Figure 1. Graphical abstract.

Red: texture pattern-related aspects; Green: material compound-related aspects; Yellow: coating-related aspects; Dark green: demoulding-related aspect; Blue: transfer/texturing during moulding-related aspects; Dark Blue: evaluation of the transferred geometry-related aspects; Purple: Reduced order modelling (ROM) prediction of demoulding forces (DFs)-related aspects.

Methods

Samples

Rubber. Nitrile butadiene rubber (NBR), ethylene propylene diene monomer (EPDM) and fluoro carbon based elastomers (FKM) rubber compounds were used to analyse demoulding behaviour. Different hardness levels (ASTM D-2240) were selected for those compounds. Mechanical properties: tensile Strength (ASTM D-412); elongation (ASTM D-412); specific gravity (ASTMD-7920); together with rheological behaviour (ASTM D5289): initial peak (Init) [dNm]; moment lowest (ML) [dNm]; moment highest (MH) [dNm]; time to reach 90% MH (t90) [min.]; were analysed prior to testing (see Table 1). These compounds were selected because of their common use in rubber dynamic seals manufacturing.

Table 1. Mechanical properties and rheological behaviour: hardness shore A (HA); tensile strength (TS) [MPa]; elongation (EL) [% ]; specific gravity (SG) [g/cm ³]; initial peak (Init) [dNm]; moment lowest (ML) [dNm]; moment highest (MH) [dNm]; time to reach 90% MH (t90) [min.].
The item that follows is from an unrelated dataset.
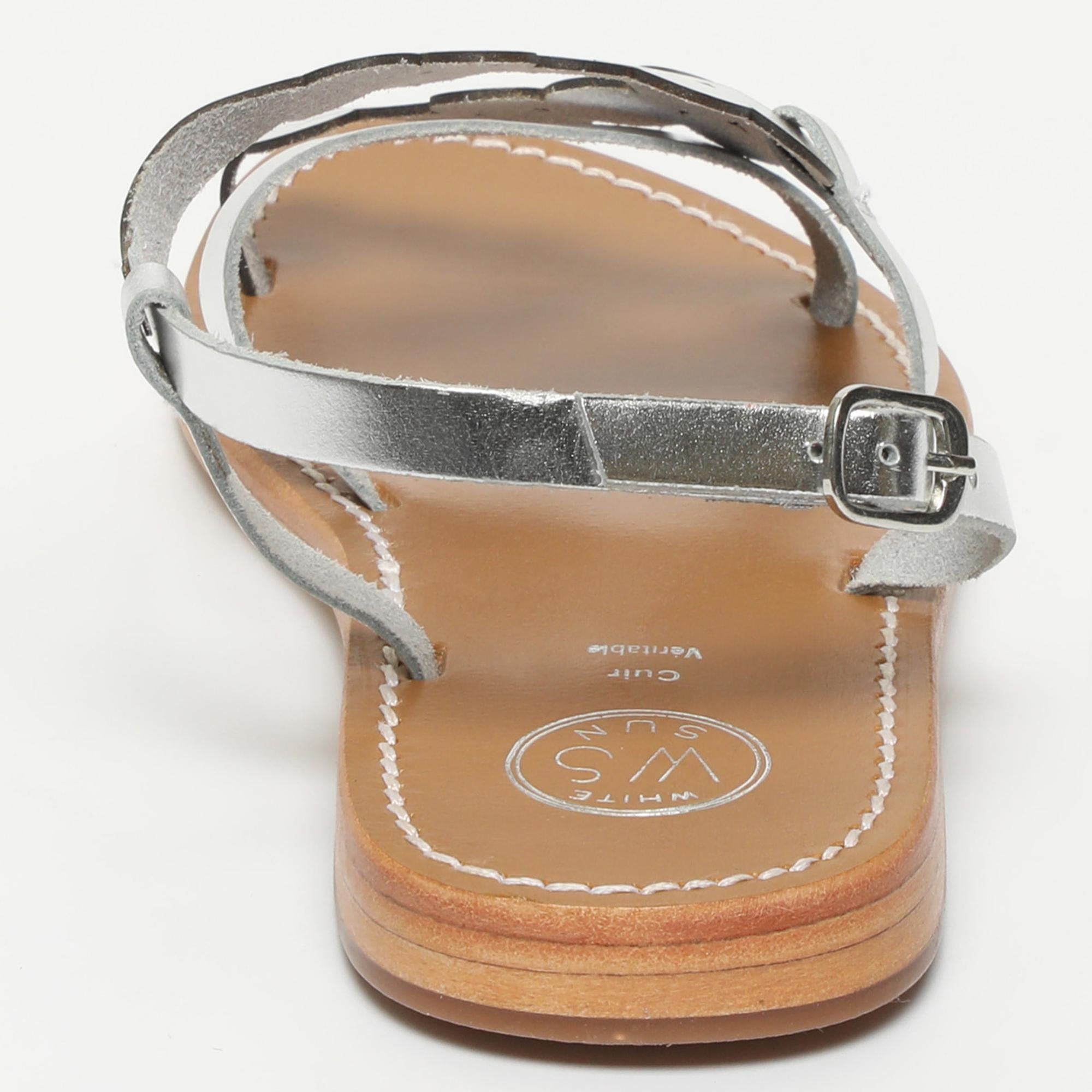 CAMPILE sandales fantaisie en cuir argent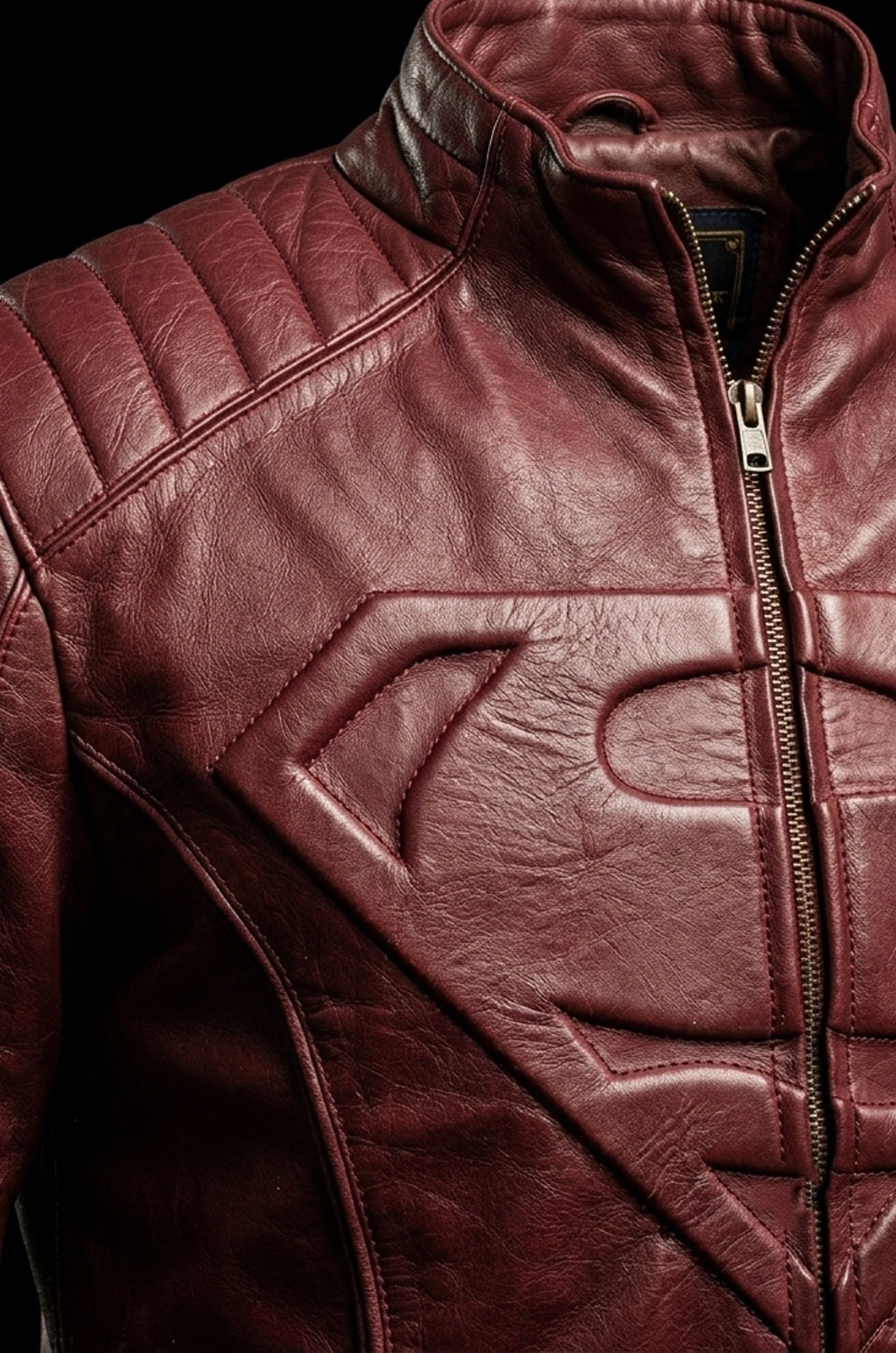 MMJ18 Superman Smallville Tom Welling Style Emblem Faux Leather Jacket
Rubber	HA	TS	EL	SG	Init	ML	MH	t90
NBR70	67	20.0	524	1.22	19.83	11.13	38.39	5.15
NBR80	75	14.5	260	1.28	22.57	10.82	39.32	5.37
NBR90	80	17.8	301	1.26	18.62	7.63	38.18	3.59
EPDM70	68	15.0	258	1.13	14.29	5.48	43.90	7.28
EPDM80	77	15.8	261	1.12	20.49	11.34	52.33	7.38
EPDM90	90	23.0	206	1.20	22.09	9.26	55.97	5.59
FKM70	76	12.0	230	1.90	14.98	4.68	32.77	3.72
FKM80	80	7.4	203	1.88	14.77	4.27	28.16	3.58
FKM90	88	14.0	117	1.91	25.59	8.25	70.43	3.91

Metal plates. Following strict surface quality requirements, several individual flat 25x25 mm plates made of 1.2312 steel were shop-machined by milling and grinding. Although the set of plates were machined under the same conditions, with R _a =1µm, it should be noted that small differences in the surface roughness of the plates can cause significant differences in the measured DF. In addition, the process to clean and recoat one simple plate is not always straightforward and fast, introducing further sources of errors. Grinding was performed on Y direction (see Figure 2) with an iterative process, in order to obtain the desired roughness. Once machined, the plates were cleaned and coated with oil to prevent them from oxidation. In the demoulding direction X of a lateral plate that shape a cube (see Figure 8f), the demoulding angle is 0 ° degrees, which is the worst situation for the demoulding process with textured surfaces. Nevertheless, if the laboratory demoulding process is achieved with a correct texture transfer, no problems, such as incorrect geometry, build-up of deposits, or fast removal of coating, are expected to occur in the industrial process either. In all the tests carried out in the laboratory, the transfer was done without significant deposits on the mould.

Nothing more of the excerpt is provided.